(Records drawn from a dataset)
=== Section Start ===
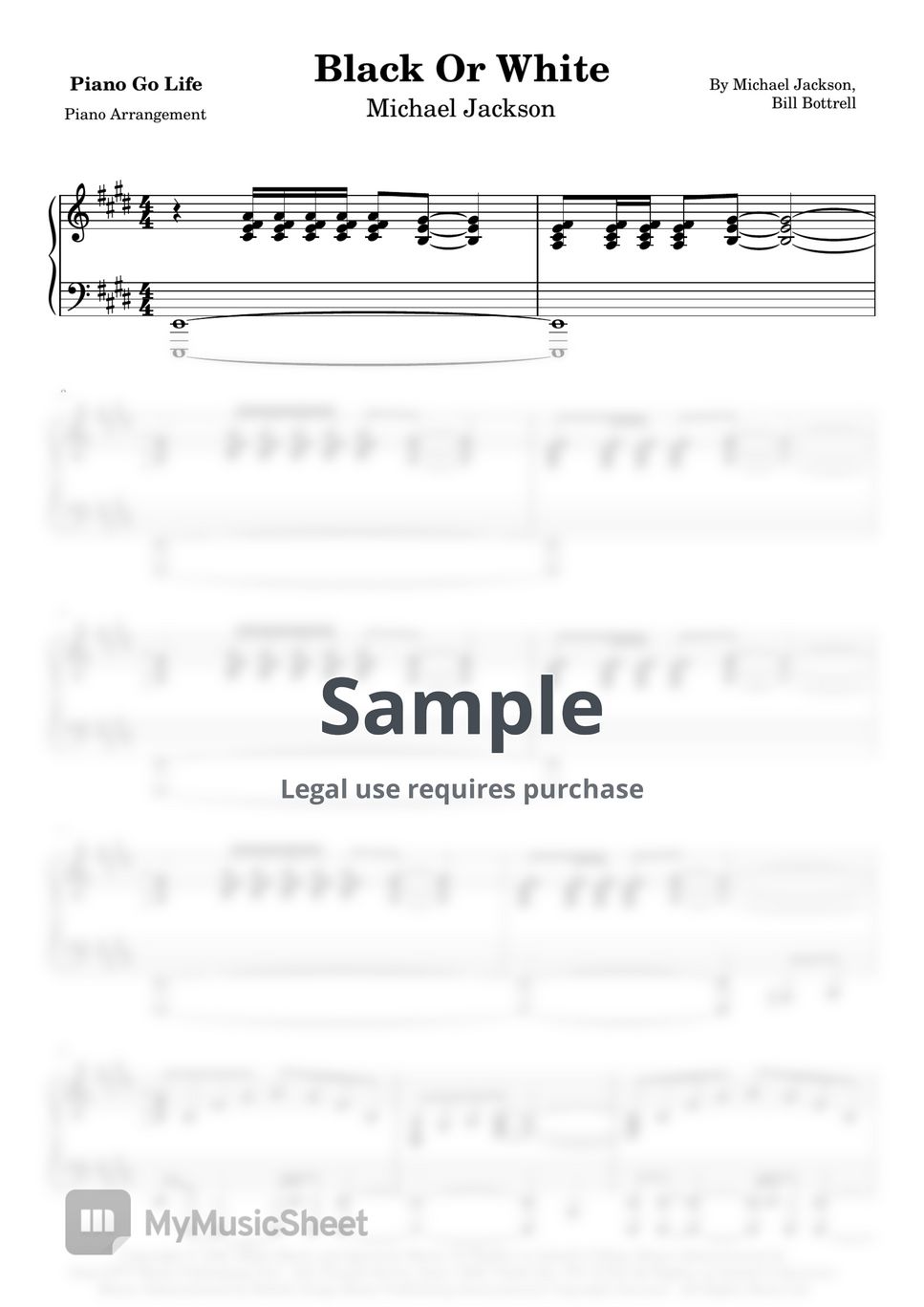 Michael Jackson - Black Or White by Piano Go Life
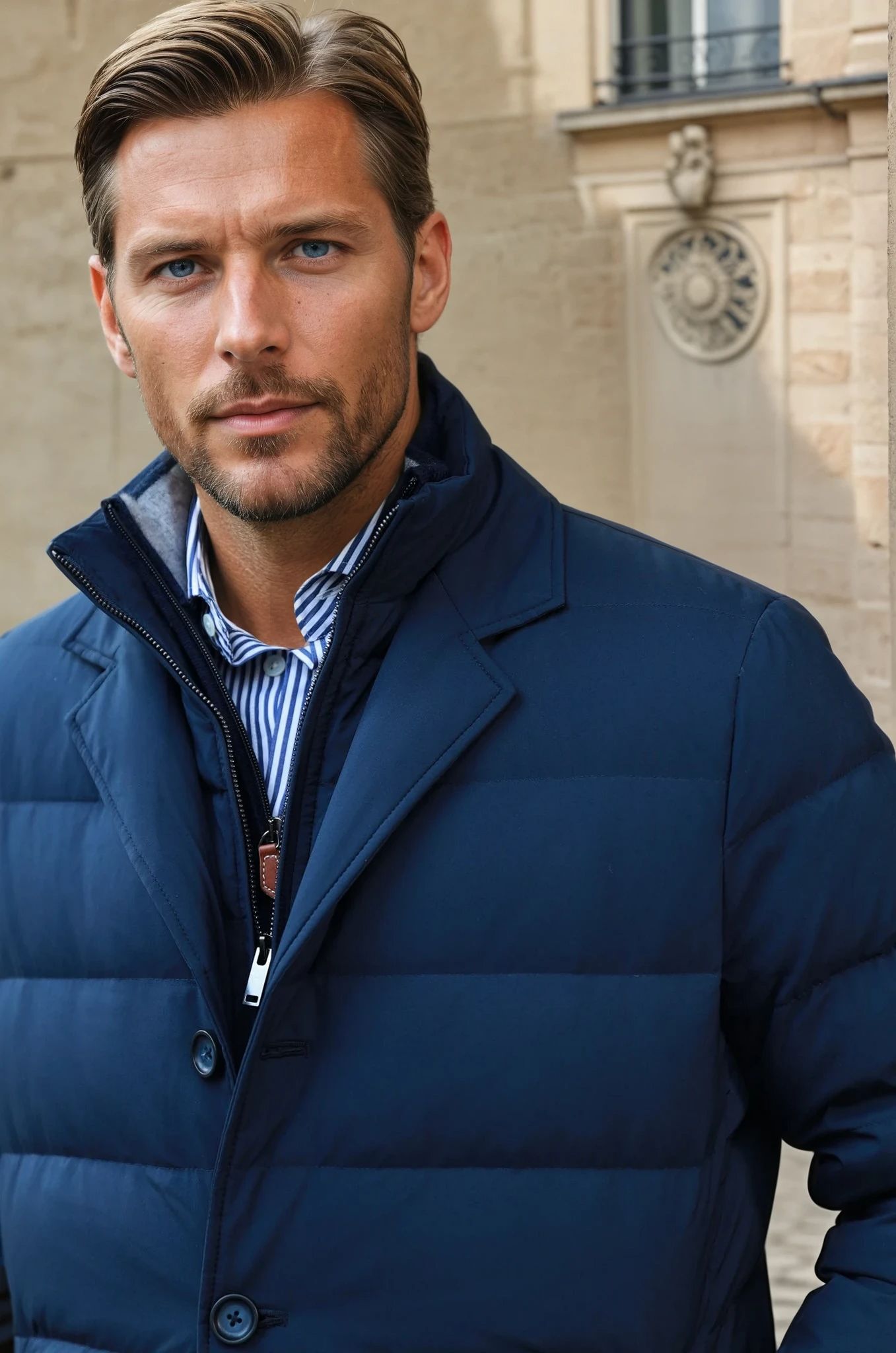 Veste parka Lorenzo - Marine-MANTEAU HOMME-Curling-Paris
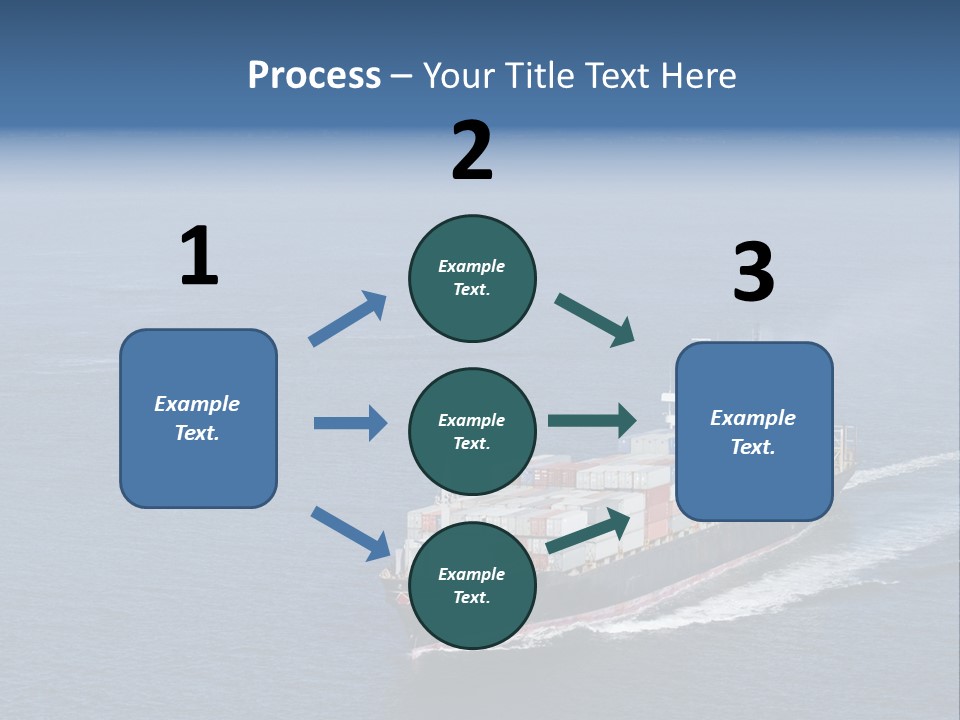 Ship With Containers Aerial View In San Francisco PowerPoint Template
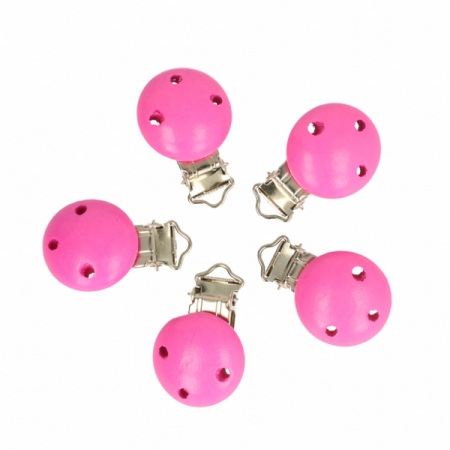 Wood pacifier clip stong pink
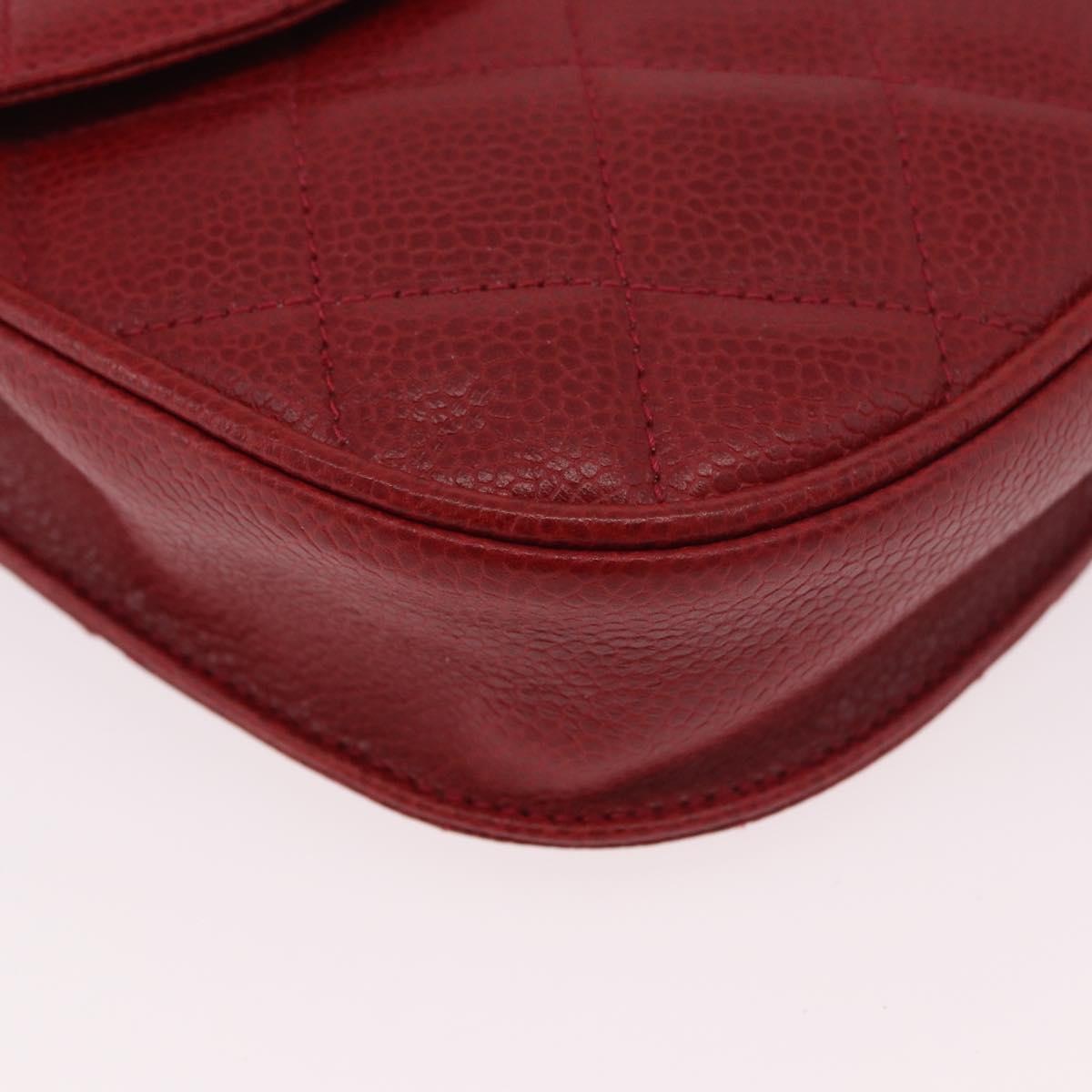 CHANEL Waist bag Caviar Skin Red Gold CC Auth 183792V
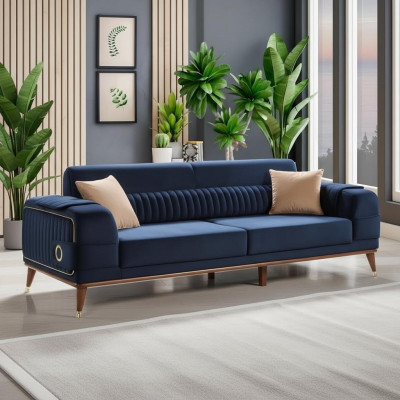 Luxus Bloen Canapé Drësëtzer Design Sofas Möbel Stoff Textil Samett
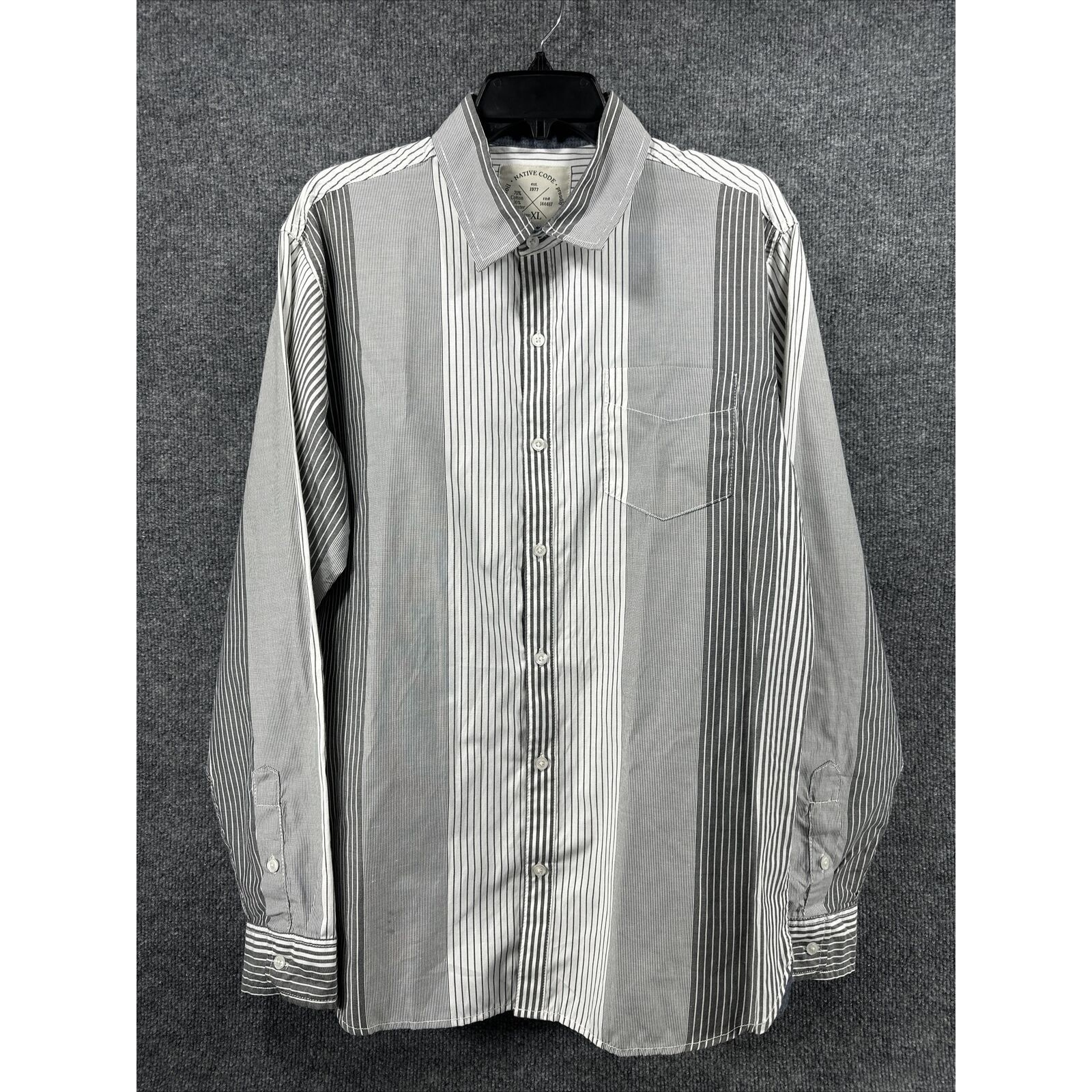 Native Code Long Sleeve Shirt Mens Xl Grey Button Down Striped Collared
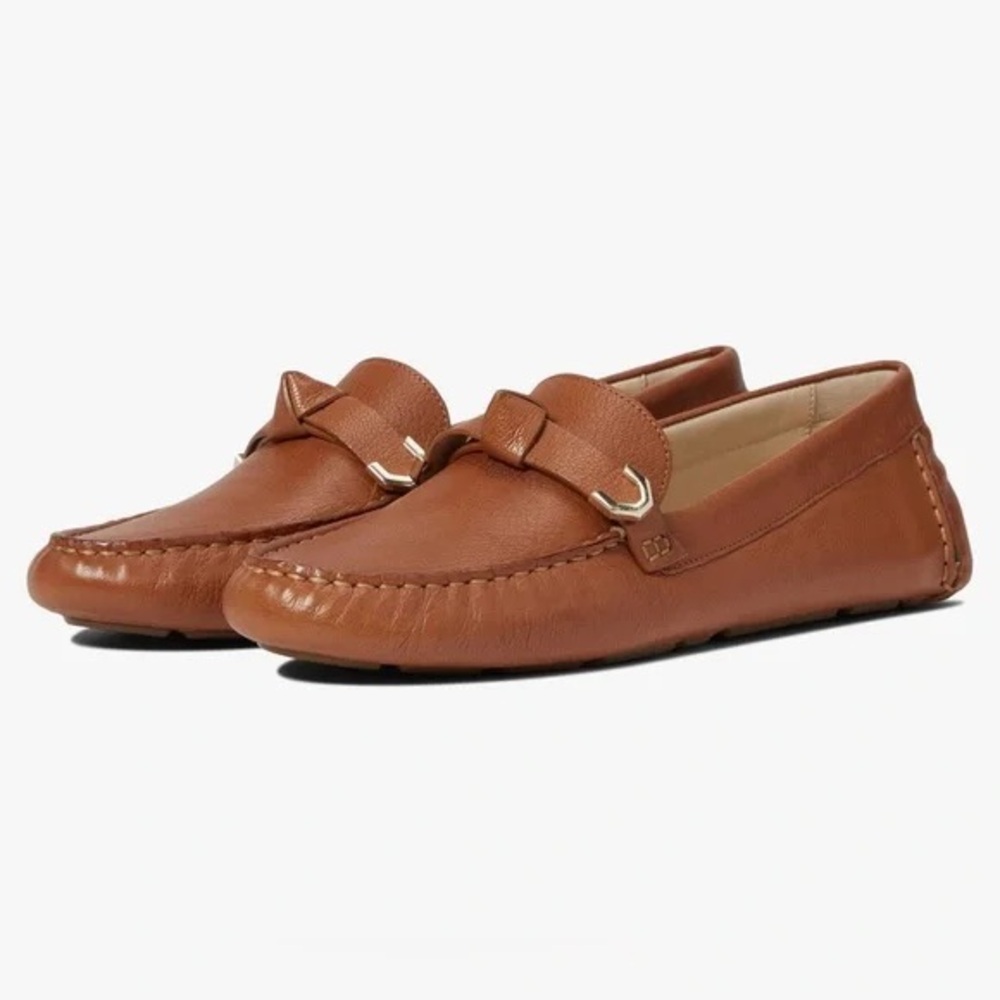Women's Cole Haan Evelyn Bow Drivers Leather Driving Loafer – Pecan – Size 6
=== Section End ===
No pictures should appear in the copy. Print exactly the lines above from the line containing "Ship With Containers" through the last line of the data.

[Answer area]
 Ship With Containers Aerial View In San Francisco PowerPoint Template
 Wood pacifier clip stong pink
 CHANEL Waist bag Caviar Skin Red Gold CC Auth 183792V
 Luxus Bloen Canapé Drësëtzer Design Sofas Möbel Stoff Textil Samett
 Native Code Long Sleeve Shirt Mens Xl Grey Button Down Striped Collared
Women's Cole Haan Evelyn Bow Drivers Leather Driving Loafer – Pecan – Size 6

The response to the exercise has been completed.